** DATA FOR PROCESSING follows **
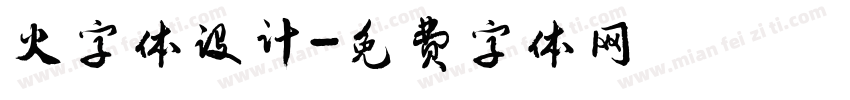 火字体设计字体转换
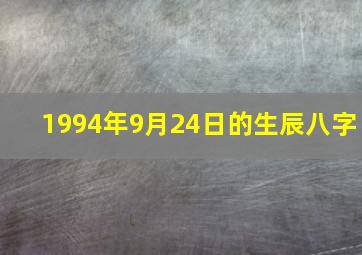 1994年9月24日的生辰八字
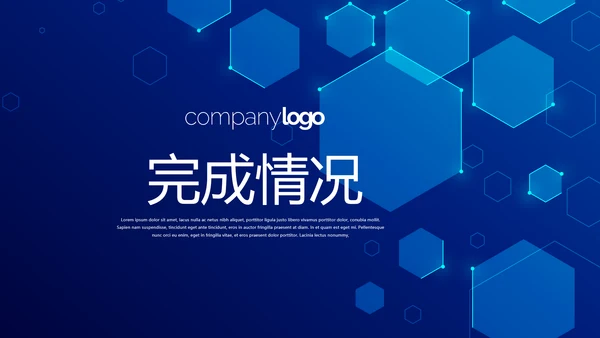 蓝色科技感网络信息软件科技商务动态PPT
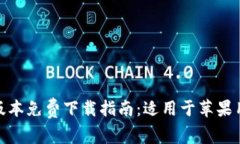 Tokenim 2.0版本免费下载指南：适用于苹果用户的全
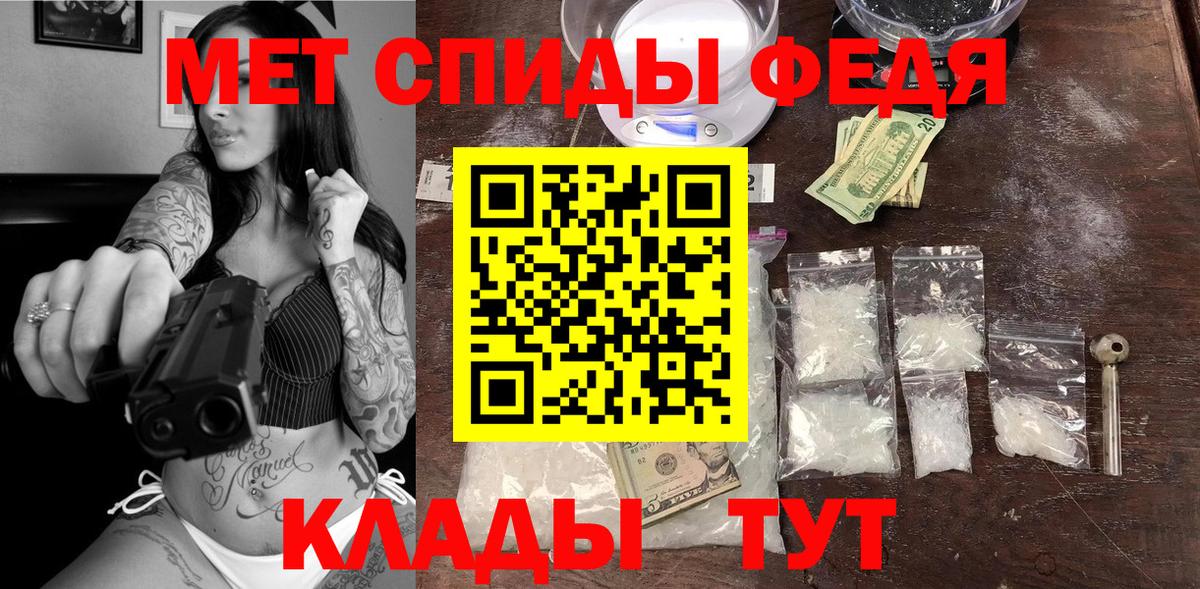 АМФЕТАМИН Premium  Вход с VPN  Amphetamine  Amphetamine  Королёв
** End of DATA FOR PROCESSING **
Please retype the whole of the data precisely, omitting pictures.

 火字体设计字体转换
 1994年9月24日的生辰八字
 蓝色科技感网络信息软件科技商务动态PPT
 Tokenim 2.0版本免费下载指南：适用于苹果用户的全
 АМФЕТАМИН Premium  Вход с VPN  Amphetamine  Amphetamine  Королёв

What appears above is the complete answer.